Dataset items
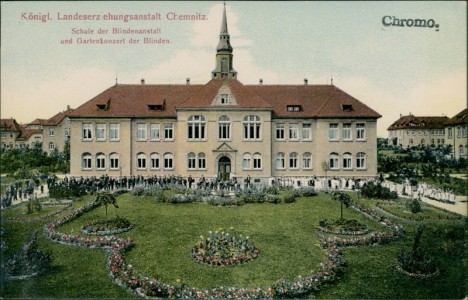 Alte Ansichtskarte Chemnitz, Landeserziehungsanstalt, Schule der Blindenanstalt und Gartenkonzert der Blinden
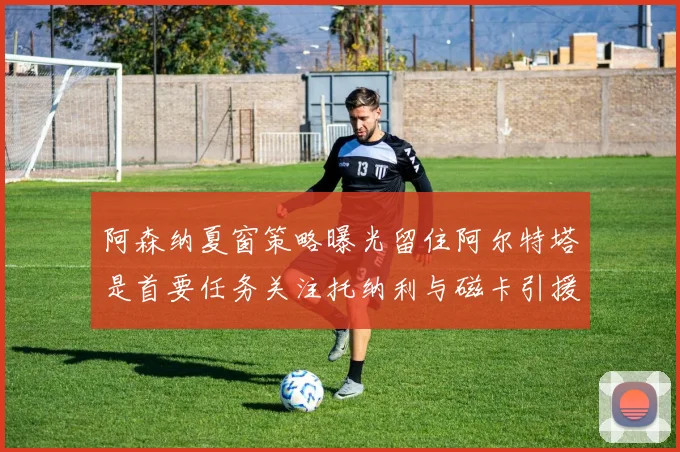 阿森纳夏窗策略曝光留住阿尔特塔是首要任务关注托纳利与磁卡引援动态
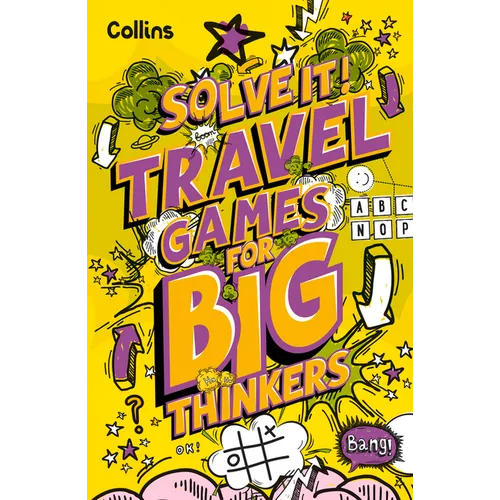 Travel Games for Big Thinkers: More Than 120 Fun Puzzles for Kids Aged 8 and Above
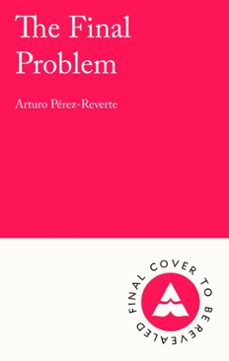 the final problem (ebook)-arturo perez reverte-9781805466185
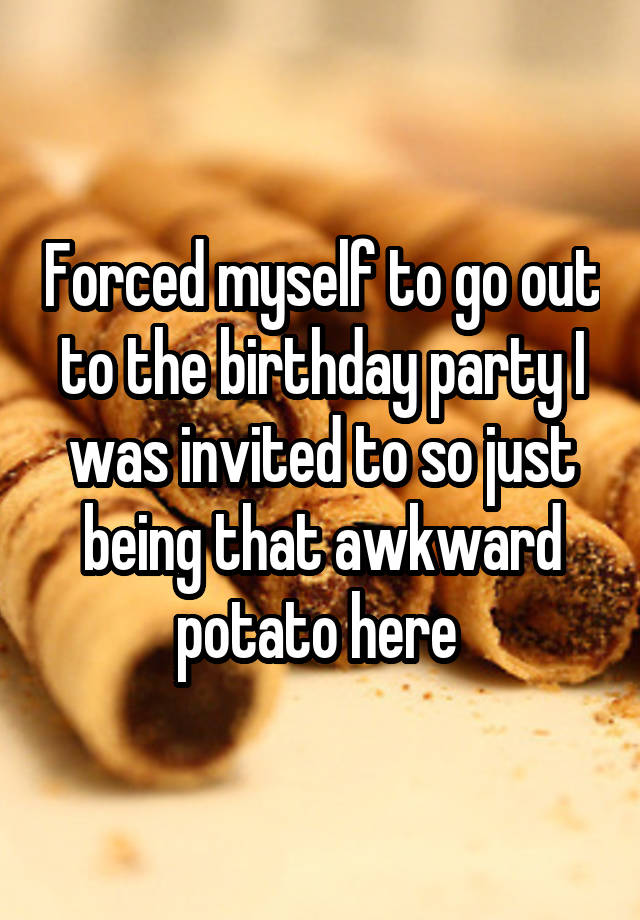 Forced myself to go out to the birthday party I was invited to so just being that awkward potato here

**Exercise instructions:**
Write down all the entries exactly, but not the pictures they hold.

**Answer space:**
 Alte Ansichtskarte Chemnitz, Landeserziehungsanstalt, Schule der Blindenanstalt und Gartenkonzert der Blinden
 阿森纳夏窗策略曝光留住阿尔特塔是首要任务关注托纳利与磁卡引援动态
 Travel Games for Big Thinkers: More Than 120 Fun Puzzles for Kids Aged 8 and Above
 the final problem (ebook)-arturo perez reverte-9781805466185
 Forced myself to go out to the birthday party I was invited to so just being that awkward potato here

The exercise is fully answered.